ODD Airflow adapter is used for extracting data transformers and data transformers runs info and metadata from Apache Airflow (versions up to 1.10.15). This adapter is implemetation of push model (see more https://github.com/opendatadiscovery/opendatadiscovery-specification/blob/main/specification/specification.md#discovery-models). After installation, your Airflow will push new data transformer on DAG creation, and data transformer runs on every DAG run.
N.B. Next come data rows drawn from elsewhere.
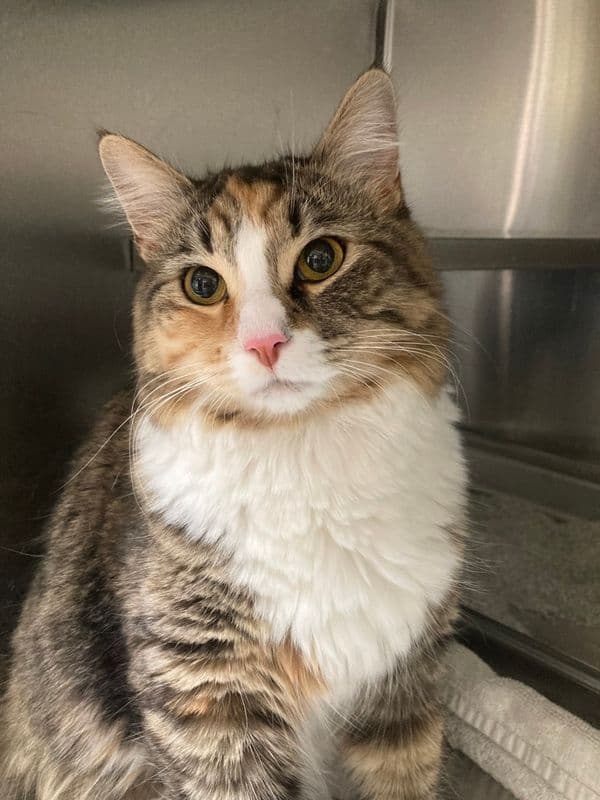 Cattitude: Loonie - Domestic Medium Hair cat available for adoption at Edmonton Humane Society in Calgary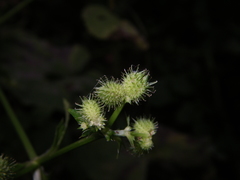 Sanicula chinensis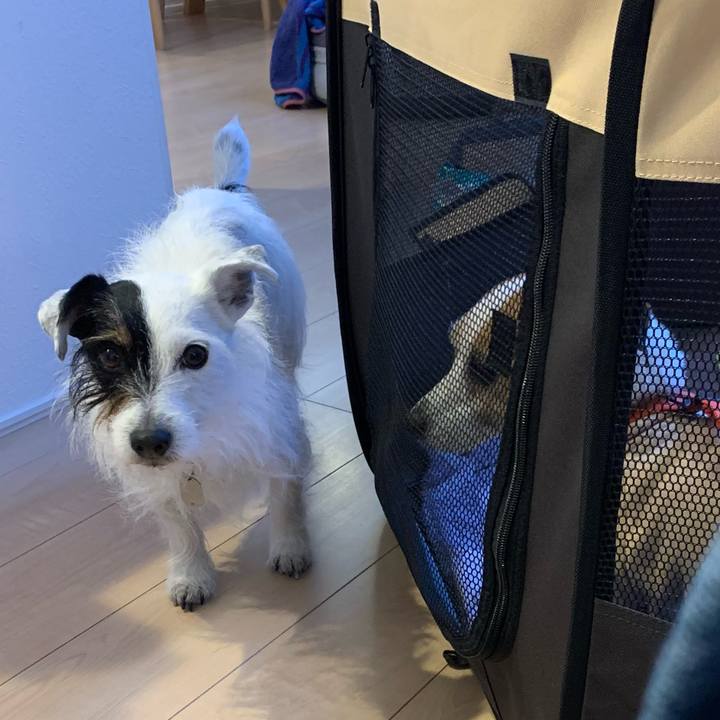 8d6207e1 4100 4987 8a52 7a69ab9e1bea 1646386210991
Entity type | Entity source |
---|---|
Data Transformer | DAG |
Data Transformer run | DAG's runs |
For more information about data entities see https://github.com/opendatadiscovery/opendatadiscovery-specification/blob/main/specification/specification.md#data-model-specification
pip3 install odd-airflow
from odd_airflow import DAG
default_args = {
"data_catalog_base_url": "https://yourcatalog.url", # Data catalog ingestion API url
"unit_id": "airflow_unit_id" # Host of Airflow source or any name for ODDRN generation (in order to uniquely identify Data entities)
}
dag = DAG(
dag_id='your_example_dag',
default_args=default_args,
schedule_interval=None,
tags=['example']
)
# Your tasks
Alternatively you can define env variables:
DATA_CATALOG_base_URL=https://yourcatalog.url
AIRFLOW_UNIT_ID=airflow_unit_id
- Python 3.8
- Airflow <= 1.10.15
docker-compose -f docker/docker-compose.yml up
Airflow UI will be available at localhost:8081